Der Beklagte ist unstreitig Schöpfer des streitbefangenen Fotos. Das Foto genießt in Deutschland jedenfalls nach § 72 UrhG Urheberschutz. Ob das Foto auch als Lichtbildwerk i.S.d. § 2 Abs. 1 Nr. 5 UrhG anzusehen ist, ist ohne Belang. Im Übrigen ist der Bewertung des Landgerichts aber auch beizutreten. Nach § 2 Abs. 2 Nr. 5 UWG geschützt ist bereits die kleine Münze, unabhängig von der technischen und/oder künstlerischen Qualität des Fotos. Einer Beweisaufnahme durch Einholung eines Sachverständigengutachtens bedarf es insoweit gerade nicht. Dass der Beklagte vorliegend nicht blindlings geknipst, sondern gezielt für eine aussagekräftige Aufnahme fotografiert hat, kann das Gericht selbst beurteilen.

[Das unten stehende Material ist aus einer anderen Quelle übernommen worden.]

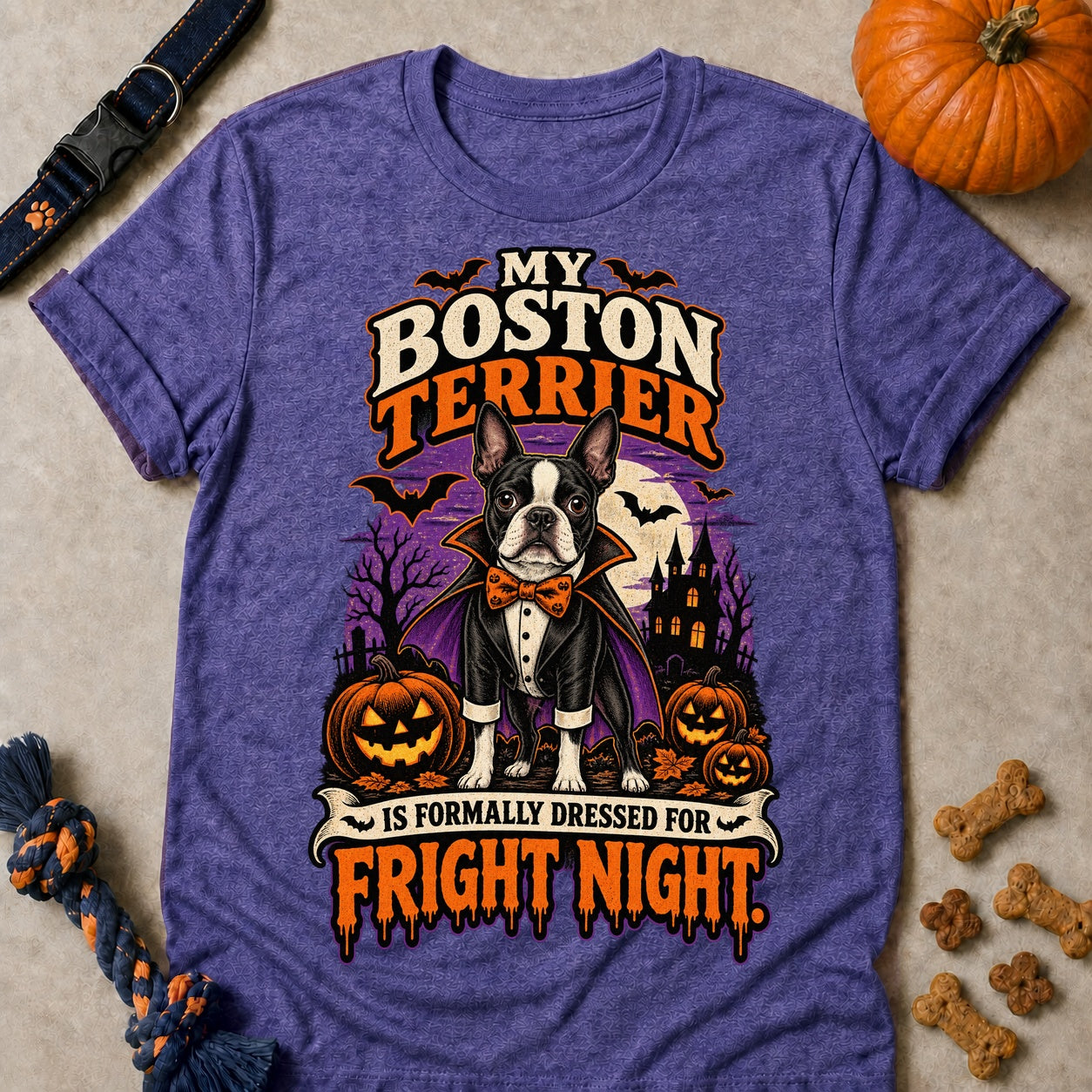 Fright Night Formal T-shirt - Heather Purple - Brooke & Belle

Der Kläger hat das Lichtbild ohne Genehmigung des Beklagten in seinem auch in Deutschland abrufbaren Internetauftritt verwendet und damit das Recht der öffentlichen Zugänglichmachung nach § 19a UrhG verletzt. Maßgeblich für den grenzüberschreitenden Sachverhalt ist, dass die Internetseite (auch) im Inland öffentlich zugänglich ist. Dagegen ist es nicht erforderlich, dass der Internetauftritt bestimmungsgemäß (auch) im Inland abgerufen werden kann (s. BGH, Urteil vom 21.04.2016, I ZR 43/14 – An Evening with Marlene Dietrich, juris, Tz. 18). Auf die Nutzung einer B Domain und die Gründe hierfür kommt es insoweit letztlich nicht an, auch nicht auf die Frage, ob die Termine des Klägers ausschließlich in der A stattfinden und nur von in der A ansässigen Veranstaltern gebucht werden.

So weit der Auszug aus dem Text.